Nick Kulik, MLW, CFRE is the Chief Donor Engagement Officer for the Findlay-Hancock County Community Foundation. He is an active member of the fundraising community serving on a variety of local and global Association of Fundraising Professional (AFP) committees, including the AFP Global Board. He is a recipient of the AFP International Outstanding Young Professional Award and Pi Kappa Phi National Fraternity’s Thirty Under 30 award.

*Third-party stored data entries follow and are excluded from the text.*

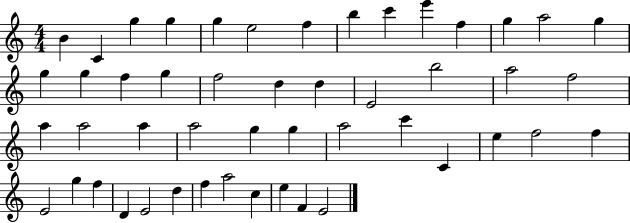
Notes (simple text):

B4/q C4/q G5/q G5/q G5/q E5/h F5/q B5/q C6/q E6/q F5/q G5/q A5/h G5/q G5/q G5/q F5/q G5/q F5/h D5/q D5/q E4/h B5/h A5/h F5/h A5/q A5/h A5/q A5/h G5/q G5/q A5/h C6/q C4/q E5/q F5/h F5/q E4/h G5/q F5/q D4/q E4/h D5/q F5/q A5/h C5/q E5/q F4/q E4/h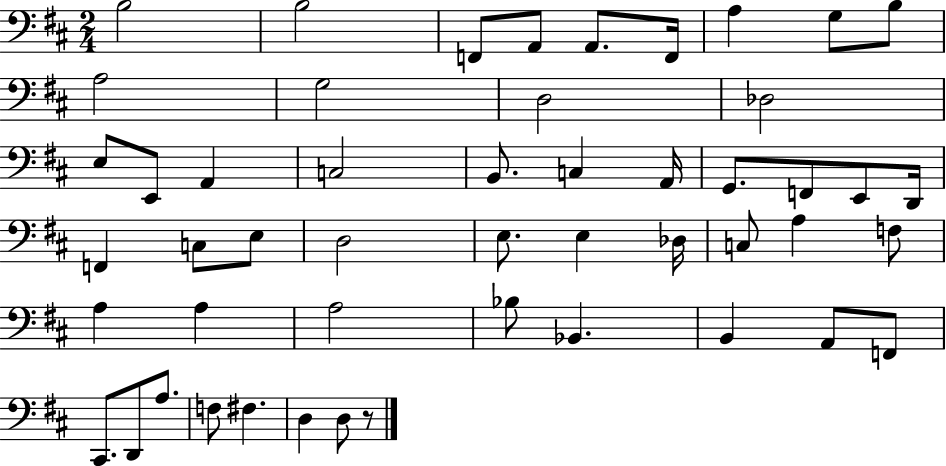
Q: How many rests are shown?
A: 1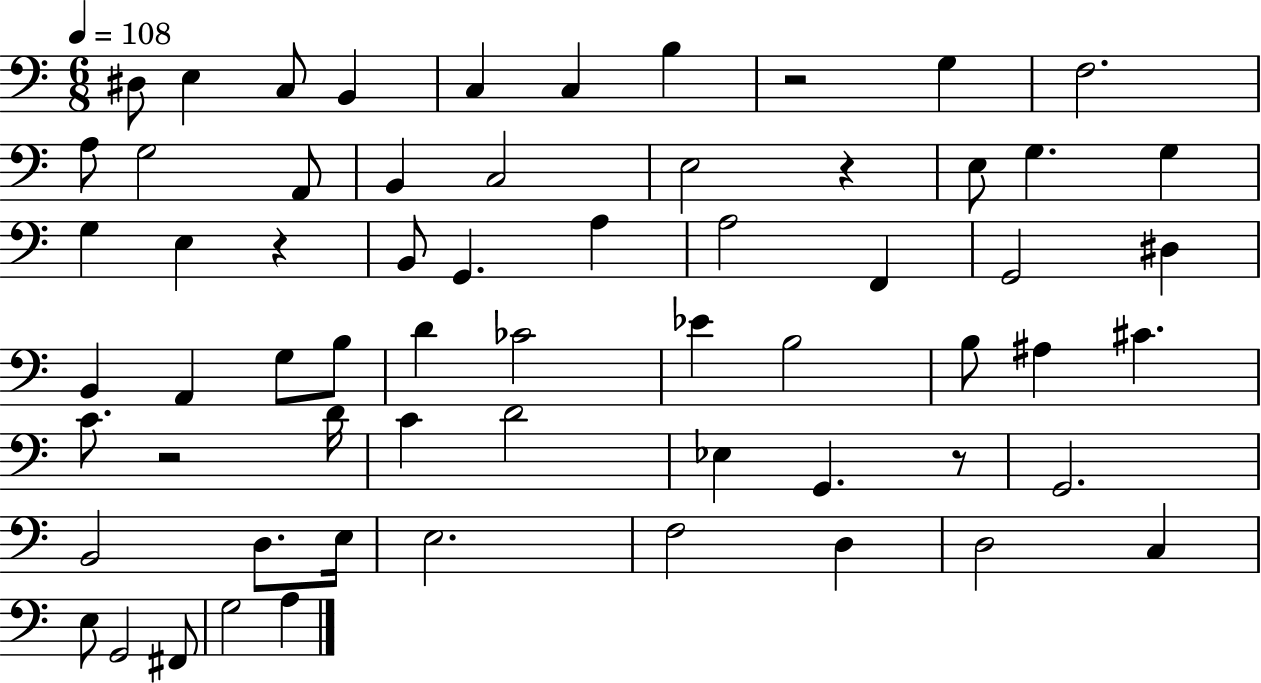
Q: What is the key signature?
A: C major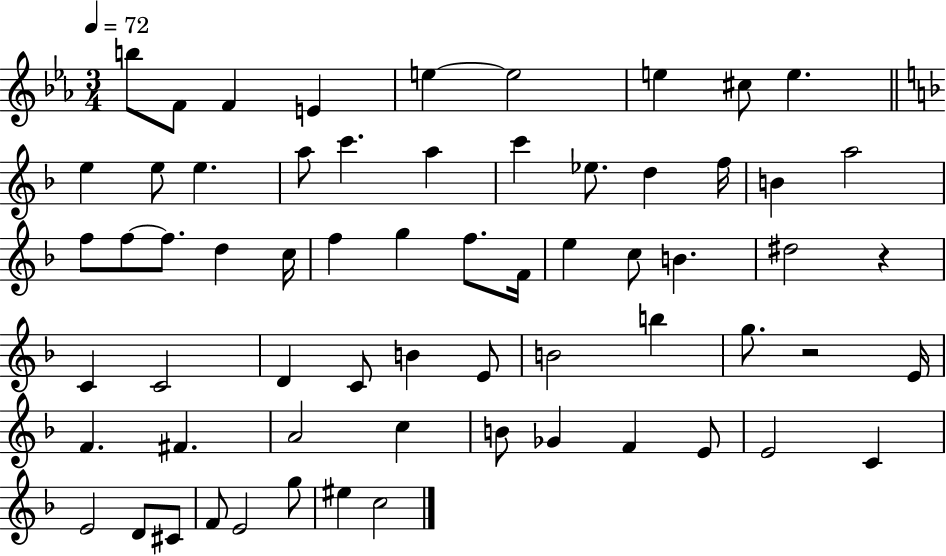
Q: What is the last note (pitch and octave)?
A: C5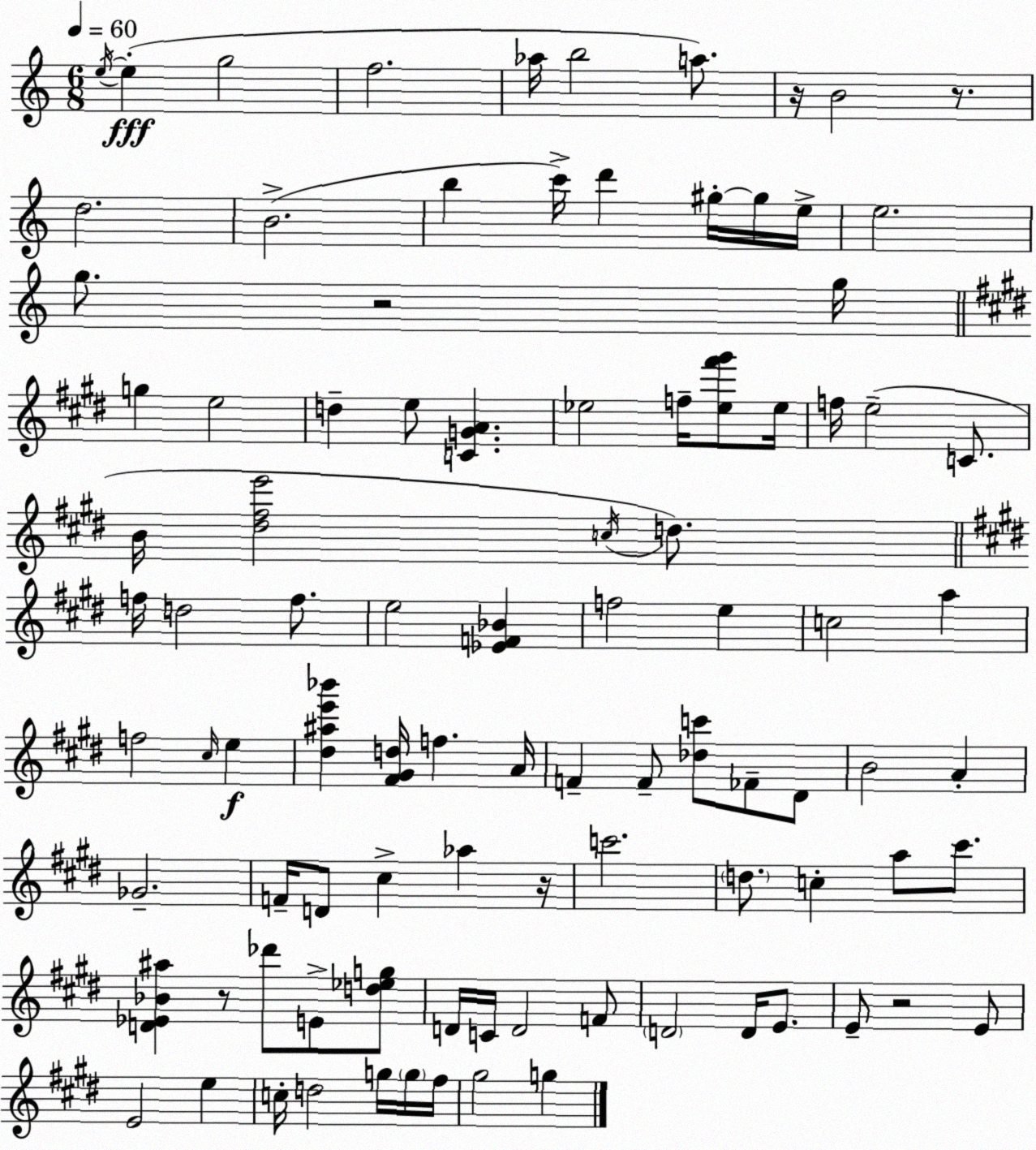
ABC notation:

X:1
T:Untitled
M:6/8
L:1/4
K:Am
e/4 e g2 f2 _a/4 b2 a/2 z/4 B2 z/2 d2 B2 b c'/4 d' ^g/4 ^g/4 e/4 e2 g/2 z2 g/4 g e2 d e/2 [CGA] _e2 f/4 [_e^f'^g']/2 _e/4 f/4 e2 C/2 B/4 [^d^fe']2 c/4 d/2 f/4 d2 f/2 e2 [_EF_B] f2 e c2 a f2 ^c/4 e [^d^ae'_b'] [^F^Gd]/4 f A/4 F F/2 [_dc']/2 _F/2 ^D/2 B2 A _G2 F/4 D/2 ^c _a z/4 c'2 d/2 c a/2 ^c'/2 [D_E_B^a] z/2 _d'/2 E/2 [d_eg]/2 D/4 C/4 D2 F/2 D2 D/4 E/2 E/2 z2 E/2 E2 e c/4 d2 g/4 g/4 ^f/4 ^g2 g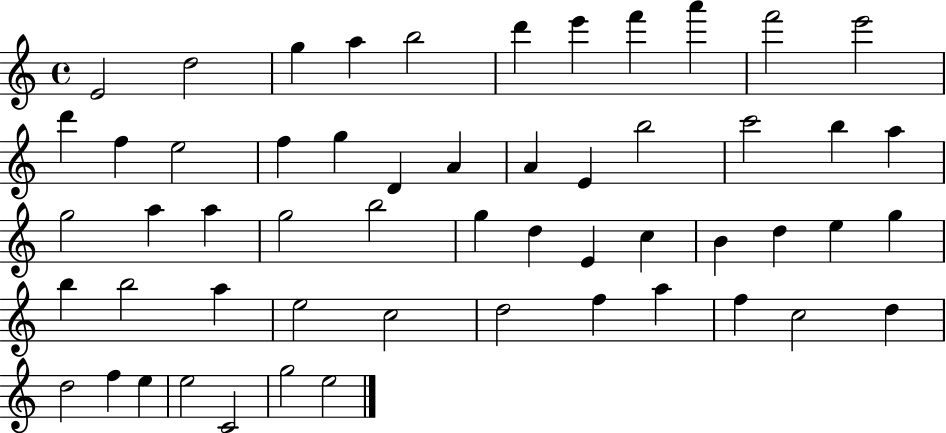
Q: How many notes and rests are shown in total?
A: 55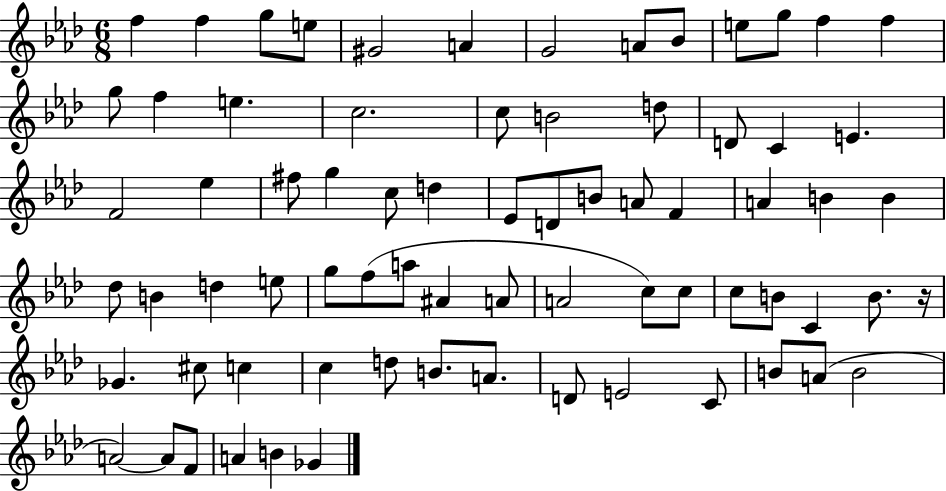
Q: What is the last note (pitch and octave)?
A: Gb4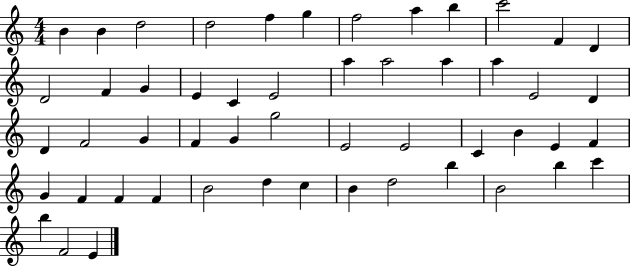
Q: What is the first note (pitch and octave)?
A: B4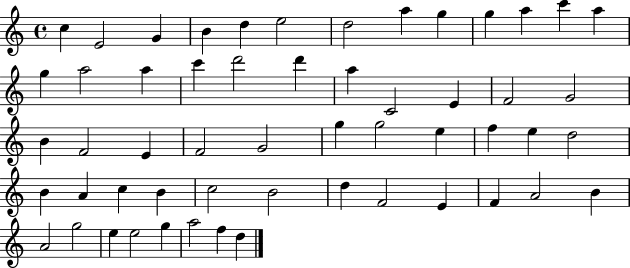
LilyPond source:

{
  \clef treble
  \time 4/4
  \defaultTimeSignature
  \key c \major
  c''4 e'2 g'4 | b'4 d''4 e''2 | d''2 a''4 g''4 | g''4 a''4 c'''4 a''4 | \break g''4 a''2 a''4 | c'''4 d'''2 d'''4 | a''4 c'2 e'4 | f'2 g'2 | \break b'4 f'2 e'4 | f'2 g'2 | g''4 g''2 e''4 | f''4 e''4 d''2 | \break b'4 a'4 c''4 b'4 | c''2 b'2 | d''4 f'2 e'4 | f'4 a'2 b'4 | \break a'2 g''2 | e''4 e''2 g''4 | a''2 f''4 d''4 | \bar "|."
}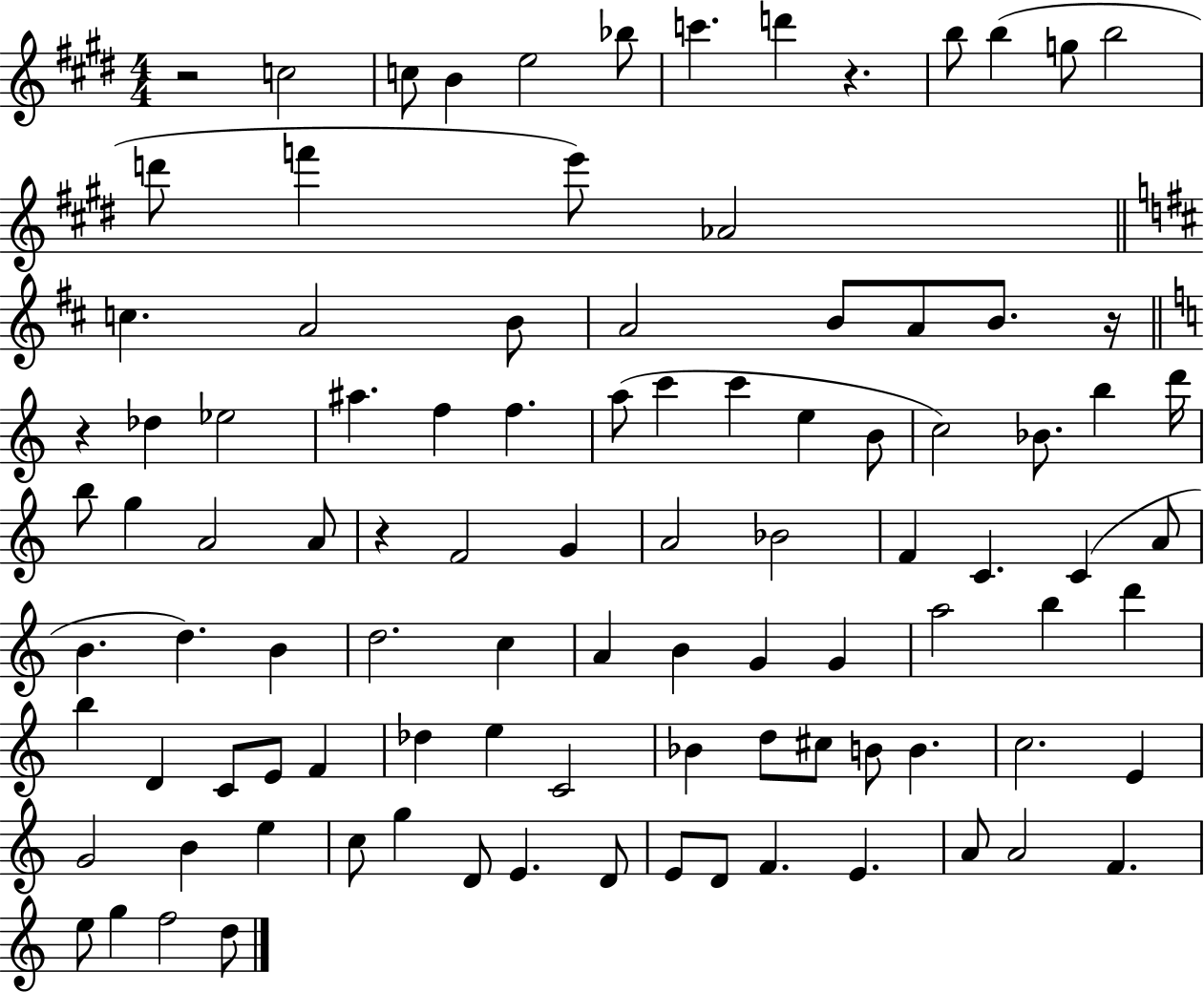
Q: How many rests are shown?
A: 5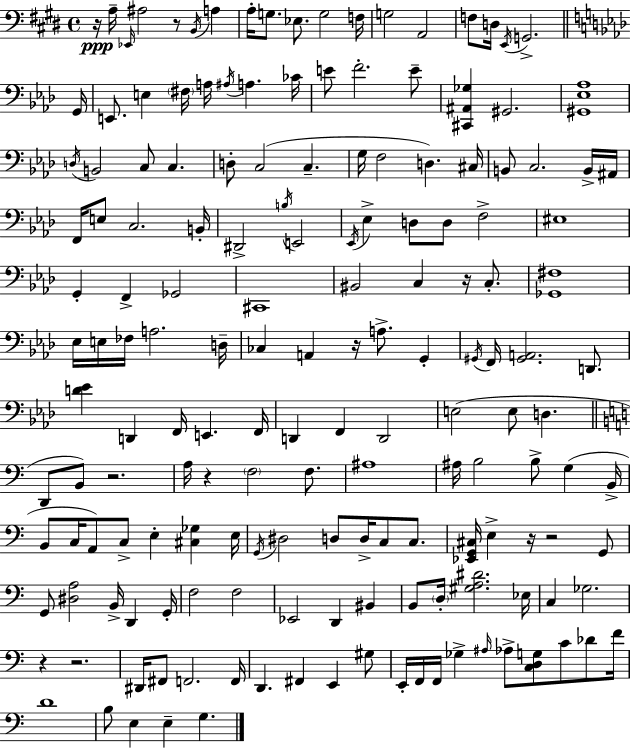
X:1
T:Untitled
M:4/4
L:1/4
K:E
z/4 A,/4 _E,,/4 ^A,2 z/2 B,,/4 A, A,/4 G,/2 _E,/2 G,2 F,/4 G,2 A,,2 F,/2 D,/4 E,,/4 G,,2 G,,/4 E,,/2 E, ^F,/4 A,/4 ^A,/4 A, _C/4 E/2 F2 E/2 [^C,,^A,,_G,] ^G,,2 [^G,,_E,_A,]4 D,/4 B,,2 C,/2 C, D,/2 C,2 C, G,/4 F,2 D, ^C,/4 B,,/2 C,2 B,,/4 ^A,,/4 F,,/4 E,/2 C,2 B,,/4 ^D,,2 B,/4 E,,2 _E,,/4 _E, D,/2 D,/2 F,2 ^E,4 G,, F,, _G,,2 ^C,,4 ^B,,2 C, z/4 C,/2 [_G,,^F,]4 _E,/4 E,/4 _F,/4 A,2 D,/4 _C, A,, z/4 A,/2 G,, ^G,,/4 F,,/4 [^G,,A,,]2 D,,/2 [D_E] D,, F,,/4 E,, F,,/4 D,, F,, D,,2 E,2 E,/2 D, D,,/2 B,,/2 z2 A,/4 z F,2 F,/2 ^A,4 ^A,/4 B,2 B,/2 G, B,,/4 B,,/2 C,/4 A,,/2 C,/2 E, [^C,_G,] E,/4 G,,/4 ^D,2 D,/2 D,/4 C,/2 C,/2 [_E,,G,,^C,]/4 E, z/4 z2 G,,/2 G,,/2 [^D,A,]2 B,,/4 D,, G,,/4 F,2 F,2 _E,,2 D,, ^B,, B,,/2 D,/4 [^G,A,^D]2 _E,/4 C, _G,2 z z2 ^D,,/4 ^F,,/2 F,,2 F,,/4 D,, ^F,, E,, ^G,/2 E,,/4 F,,/4 F,,/4 _G, ^A,/4 _A,/2 [C,D,G,]/2 C/2 _D/2 F/4 D4 B,/2 E, E, G,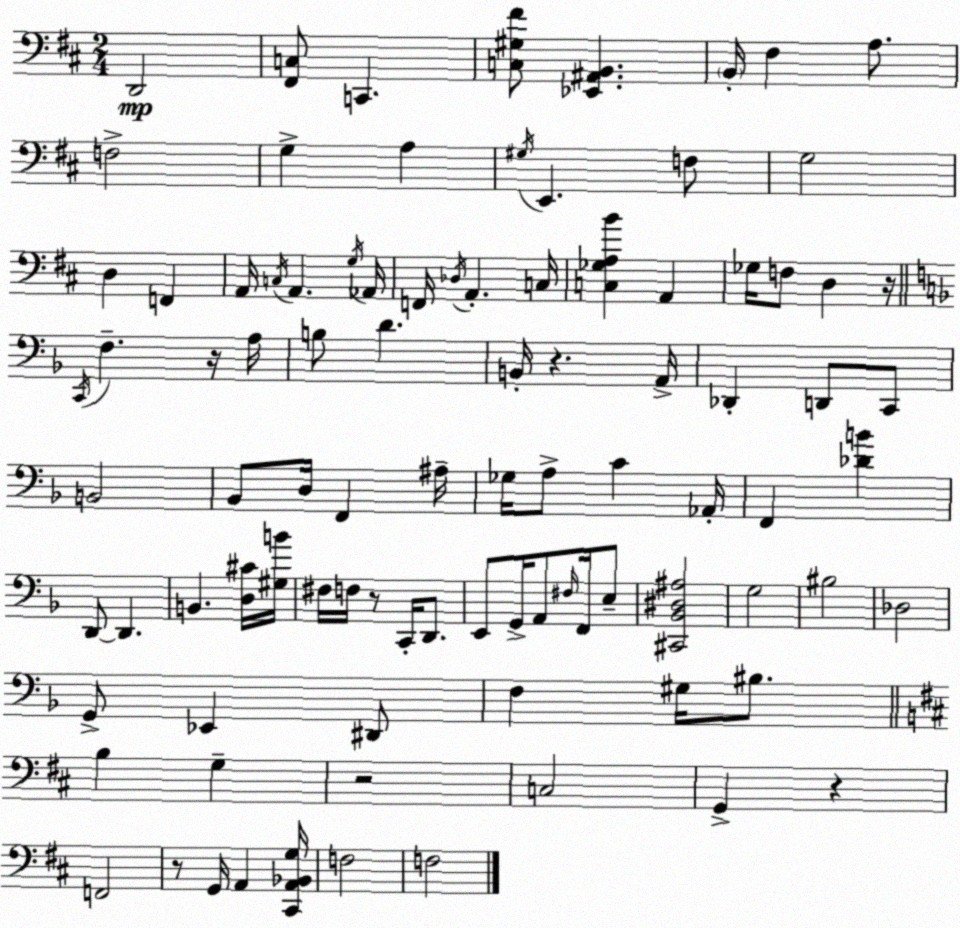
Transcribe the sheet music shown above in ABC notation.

X:1
T:Untitled
M:2/4
L:1/4
K:D
D,,2 [^F,,C,]/2 C,, [C,^G,^F]/2 [_E,,^A,,B,,] B,,/4 ^F, A,/2 F,2 G, A, ^G,/4 E,, F,/2 G,2 D, F,, A,,/4 C,/4 A,, G,/4 _A,,/4 F,,/4 _D,/4 A,, C,/4 [C,_G,A,B] A,, _G,/4 F,/2 D, z/4 C,,/4 F, z/4 A,/4 B,/2 D B,,/4 z A,,/4 _D,, D,,/2 C,,/2 B,,2 _B,,/2 D,/4 F,, ^A,/4 _G,/4 A,/2 C _A,,/4 F,, [_DB] D,,/2 D,, B,, [D,^C]/4 [^G,B]/4 ^F,/4 F,/4 z/2 C,,/4 D,,/2 E,,/2 G,,/4 A,,/2 ^F,/4 F,,/4 E,/2 [^C,,_B,,^D,^A,]2 G,2 ^B,2 _D,2 G,,/2 _E,, ^D,,/2 F, ^G,/4 ^B,/2 B, G, z2 C,2 G,, z F,,2 z/2 G,,/4 A,, [^C,,A,,_B,,G,]/4 F,2 F,2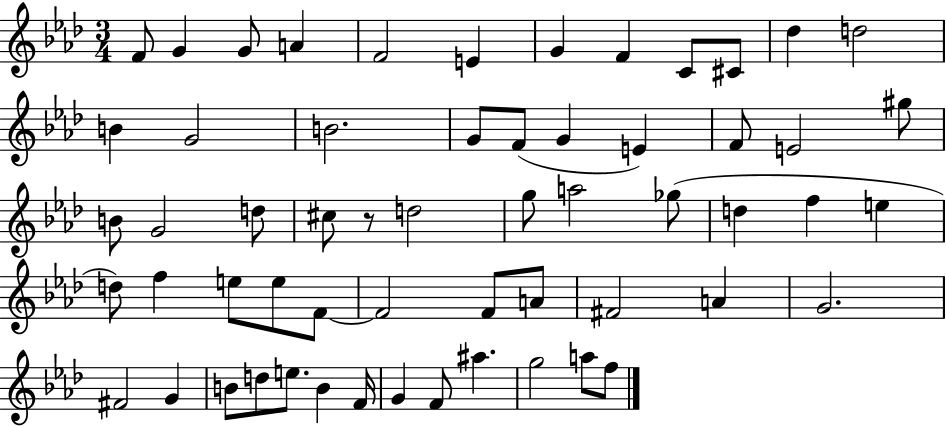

Beverly Taketa Sakauye – Neki Catron
National Civil Rights Museum
This session will be presented by Beverly Taketa Sakauye, the Chief Development Officer for the National Civil Rights Museum, and Neki Catron, former Senior Development Officer for Individual Philanthropy for the National Civil Rights Museum. Noted as one of the nation’s premier heritage and cultural museums, the National Civil Rights Museum is steadfast in its mission to share the culture and lessons from the American Civil Rights Movement and explore how this significant era continues to shape equality and freedom globally. Established in 1991, the National Civil Rights Museum is located at the former Lorraine Motel, where civil rights leader Dr. Martin Luther King Jr. was assassinated on April 4, 1968. Through interactive exhibits, historic collections, dynamic speakers and special events, the museum offers visitors a chance to walk through history and learn more about a tumultuous and inspiring period of change.
Beverly Sakauye has been Chief Development Officer at the National Civil Rights Museum since July 2009. A member of the senior management team, she is responsible for overall resource development strategies, which include annual operating revenue, capital and endowment campaigns, planned giving, volunteers and stewardship. She was responsible for the Museum’s Comprehensive Campaign raising $27.5M for the major renovation and established its first-ever endowment fund, made possible by a successful challenge grant from the National Endowment for the Humanities.
Her 30 plus year career has been dedicated to nonprofits concentrating on development and management in Chicago IL, New Orleans LA and Memphis, TN. She has led development efforts at diverse organizations incuding Boys & Girls Clubs of Chicago, Easter Seals of DuPage County, New Orleans Ballet Association, and Ogden Museum of Southern Art. She also served as an adjunct instructor on Development Strategies for the Arts Administration graduate program at the University of New Orleans, and recently wrote a chapter in Rowman & Littlefield’s Guide for Sustainable Revenue for Museums.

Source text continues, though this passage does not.